A new class of transport distances

TL;DR

This paper introduces a new class of transport distances that interpolate between Wasserstein and Sobolev distances, with unique cost dependencies on densities and velocities, expanding optimal transport theory.

Contribution

It proposes a novel family of distances based on a dynamical formulation, incorporating density-dependent costs, and explores their properties and applications in gradient flows.

Findings

Distances interpolate between Wasserstein and Sobolev metrics.

They depend on both velocity and intermediate densities.

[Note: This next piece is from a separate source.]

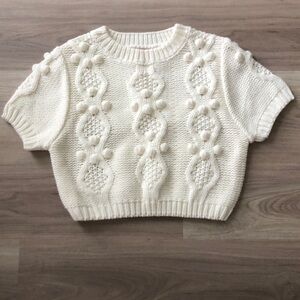 Sincerely Ours Clean Girl cream colored Pom Pom sweater XS Coquette girl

Applications to gradient flow geometry are demonstrated.

Abstract

We introduce a new class of distances between nonnegative Radon measures in Euclidean spaces. They are modeled on the dynamical characterization of the Kantorovich-Rubinstein-Wasserstein distances proposed by Benamou-Brenier and provide a wide family interpolating between the Wasserstein and the homogeneous (dual) Sobolev distances. From the point of view of optimal transport theory, these distances minimize a dynamical cost to move a given initial distribution of mass to a final configuration. An important difference with the classical setting in mass transport theory is that the cost not only depends on the velocity of the moving particles but also on the densities of the intermediate configurations with respect to a given reference measure. We study the topological and geometric properties of these new distances, comparing them with the notion of weak convergence of measures and the well established Kantorovich-Rubinstein-Wasserstein theory. An example of possible applications to the geometric theory of gradient flows is also given.